You are I assume comparing Will Smith and Alex Turcotte, which is just laughable when you consider the types of seasons they had as freshman, and the role that they were each going to play as 19 year olds. Will Smith lead the entire NCAA in scoring and was a dominant player from the drop through to the Frozen Four. He played 16 games vs teams that made the NCAA tournament and had a 12-17-29 stat line and was 9-4-13 in 7 games vs. Frozen Four teams (the ones most likely to have NHL caliber talent). He had nothing left to prove at the NCAA level, other than to chase a championship. He will be playing for the Sharks next season, and he and Celebrini will take their lumps but grow as players and be ready to be impactful by the end of their ELC's. Alex Turcotte scored 1 goal in conference play and did most of his statistical damage vs Arizona St. and Omaha and was moved down to the 3rd line by the end of the season, do to lack of offensive results. Alex Turcotte was nowhere close to playing in the NHL at 19, and was signed strictly so the Kings could foolishly put a teenage player who struggled mightily at Wisconsin into the AHL despite not being hockey ready or physically ready, because the Kings are more AHL obsessed than any team in the league (other than maybe Nashville).
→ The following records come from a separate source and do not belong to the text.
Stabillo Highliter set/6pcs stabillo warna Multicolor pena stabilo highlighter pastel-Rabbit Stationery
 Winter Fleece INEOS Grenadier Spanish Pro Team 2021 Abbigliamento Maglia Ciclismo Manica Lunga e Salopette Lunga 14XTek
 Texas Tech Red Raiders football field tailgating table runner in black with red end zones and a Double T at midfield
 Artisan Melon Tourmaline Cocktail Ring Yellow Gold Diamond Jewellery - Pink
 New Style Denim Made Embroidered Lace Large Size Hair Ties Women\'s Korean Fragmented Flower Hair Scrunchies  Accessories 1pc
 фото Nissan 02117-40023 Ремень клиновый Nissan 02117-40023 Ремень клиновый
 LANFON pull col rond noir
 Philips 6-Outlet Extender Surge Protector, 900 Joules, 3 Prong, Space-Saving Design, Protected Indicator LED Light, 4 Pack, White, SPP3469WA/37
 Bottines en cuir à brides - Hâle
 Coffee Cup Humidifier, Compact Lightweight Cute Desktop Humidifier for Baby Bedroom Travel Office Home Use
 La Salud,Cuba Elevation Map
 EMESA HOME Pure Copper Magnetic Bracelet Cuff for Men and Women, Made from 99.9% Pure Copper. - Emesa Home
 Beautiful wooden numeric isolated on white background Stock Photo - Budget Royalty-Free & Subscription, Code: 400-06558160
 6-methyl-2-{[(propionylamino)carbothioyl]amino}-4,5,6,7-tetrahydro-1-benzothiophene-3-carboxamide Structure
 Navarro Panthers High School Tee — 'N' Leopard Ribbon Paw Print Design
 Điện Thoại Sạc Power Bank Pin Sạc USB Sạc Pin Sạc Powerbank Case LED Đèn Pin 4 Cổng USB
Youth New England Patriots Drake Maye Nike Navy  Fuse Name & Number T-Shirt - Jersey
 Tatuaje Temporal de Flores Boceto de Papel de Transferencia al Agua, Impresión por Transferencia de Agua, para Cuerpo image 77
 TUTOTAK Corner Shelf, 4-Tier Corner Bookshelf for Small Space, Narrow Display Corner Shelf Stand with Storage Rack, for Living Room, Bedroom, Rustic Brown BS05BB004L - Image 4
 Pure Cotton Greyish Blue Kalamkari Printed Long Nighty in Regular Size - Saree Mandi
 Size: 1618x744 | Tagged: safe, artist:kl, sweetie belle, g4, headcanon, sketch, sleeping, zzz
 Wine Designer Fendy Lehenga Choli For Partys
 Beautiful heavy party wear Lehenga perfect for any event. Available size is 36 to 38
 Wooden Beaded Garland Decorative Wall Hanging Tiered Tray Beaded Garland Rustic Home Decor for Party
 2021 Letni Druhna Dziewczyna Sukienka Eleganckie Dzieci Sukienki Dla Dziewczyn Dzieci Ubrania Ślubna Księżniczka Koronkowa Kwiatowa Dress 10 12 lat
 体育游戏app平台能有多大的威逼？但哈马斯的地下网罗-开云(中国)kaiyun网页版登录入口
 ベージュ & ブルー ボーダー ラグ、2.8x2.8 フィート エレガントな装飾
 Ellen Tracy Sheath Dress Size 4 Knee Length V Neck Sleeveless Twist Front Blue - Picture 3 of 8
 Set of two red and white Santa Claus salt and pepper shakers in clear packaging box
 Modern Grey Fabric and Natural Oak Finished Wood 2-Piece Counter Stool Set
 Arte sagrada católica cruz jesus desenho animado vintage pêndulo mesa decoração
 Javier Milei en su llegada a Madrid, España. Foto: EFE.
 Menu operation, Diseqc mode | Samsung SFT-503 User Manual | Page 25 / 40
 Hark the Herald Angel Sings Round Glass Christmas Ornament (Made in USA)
It's just shocking to me, that 4 years after the pull and with the results that you still are somehow trying to defend the move by making an applies to oranges comparison between Turcotte and Will Smith.
It helps that they drafted and developed players that ended up being better than them. If people want to to blame the Kings inability to do that on poor scouting, poor development or poor deployment, the facts are, 11 and 8 are still the Kings best players.
If Wyatt Johnston had been an LA draft pick he makes his NHL debut sometime in the second half of this season and a guy like Stankoven is still playing in Ontario.